Never trust bold statements on distorted charts

Somi András | November 14, 2017

The Verge published an interesting survey a few weeks ago about the popularity of the big tech companies and the level of trust towards them. The topic is really exciting, especially when one of the top charts states no less than ’People trust Amazon almost as much as their bank’.

I know from personal experience this is the type of question that keeps banking executives awake during the night. Unfortunatelly the conclusion here is just as useless as it is bold, and suffers heavily from a handful of biases.

Issue 1: Distorted visualisation

First, this visualisation shows nothing of the message in the title. The only information this chart can clearly convey is that banks had the highest rate of people who did not contribute an answer (the rightmost yellow bars). All the other bars are disaligned and distorted by these meaningless answers and there are no labels to the rescue either.
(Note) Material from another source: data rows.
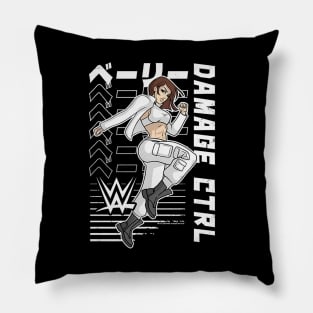 Bayley Damage CTRL Kanji Pillow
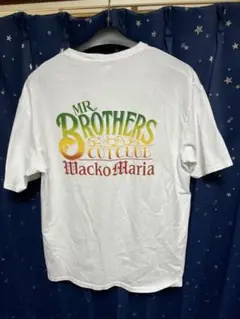 WACKOMARIA MR.BROTHERS CUT CLUB Tシャツ L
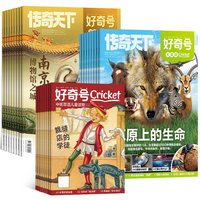 《好奇号杂志》（2026年2月期，共3册）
I tried to decode the percentages by taking the pixel width of the bars (for the sake of simplicity I counted ’Greatly’/‘Somewhat distrust’ categories together). It turns out that actually Microsoft had the highest rate of ’Greatly trust’ answers in the survey, and Google seem to be ahead of Amazon in this aspect, too.

If we adjust the percentages for the people who did not have opinion, the actual ratios of (usable) opinions would look something like this:

Amazon, Microsoft and Google has almost the same rate of trust (53%, 52%, 52%, respectively) amongst people who can decide whether they trust them or not, and they are visibly behind banks (58%) in this respect. Mind you, this adjusment has a tricky bias too, as it might selectively exclude some (but not all) answers of certain individuals, and would also decrease sample size (which in turn increases uncertainty).
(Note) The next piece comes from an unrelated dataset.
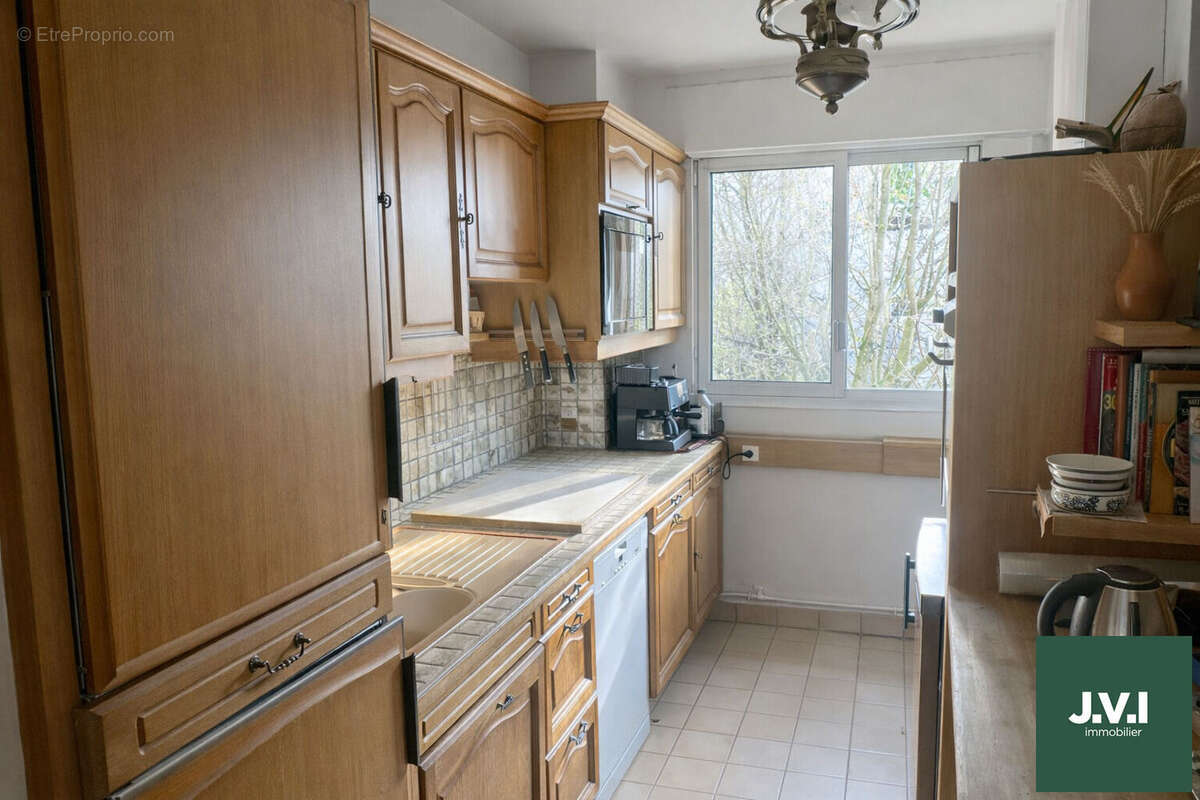 Appartement à MONTMORENCY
Issue 2: Too much noise, too weak signal

Uncertainty is a nasty beast, that eats survey results for breakfast. No matter how we try to fix the visualisaton, these percentages really mean nothing if we take into account the uncertainty of the survey (emphasis is mine):

This survey, conducted from September 28th to October 10th, included 1,520 people nationally representative of the US, based on 2016 US Census estimates. The margin of error is ±3 percent, with a confidence level of 95 percent.

So the differences between the original percentages for Microsoft, Google and Amazon all fall in the margin of error, and things get even blurrier with my rudimentary adjustments, as I could easily miscalculated by as much as half or even one percentage point.
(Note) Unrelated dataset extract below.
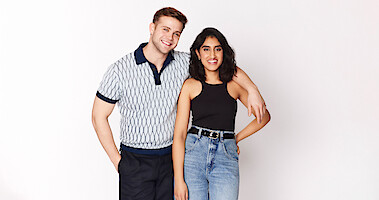 One Day Ambika Mod and Leo Woodall Interview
This all means one thing: based on this survey we actually don’t know which of Amazon, Google, Microsoft or banks in general has the highest level of trust. The numbers for these companies are virtually indistinguishable from each other.

Issue 3: Confirmation bias

But for some reason the creator of the chart still wanted to single out Amazon as a contender for banks. Not Microsoft and not Google, even though they are likely in the same ’league of trust’. Why?

We will never know for sure, but maybe because in the breakout report concerning Amazon results also seem to deliver some positive messages on the company, and this chart had to fit in, even by misrepresenting the facts (not necessarily on purpose, this is just how our mind works).

Do not trust surveys

The conclusion here is not that trust towards Amazon is not comparable to banks and not the opposite either. I don’t know anything about that.

The takeaway is that we should not trust surveys packing blockbuster conclusions into distorted charts, based on questioning a handful of people on some mostly unconscious feelings.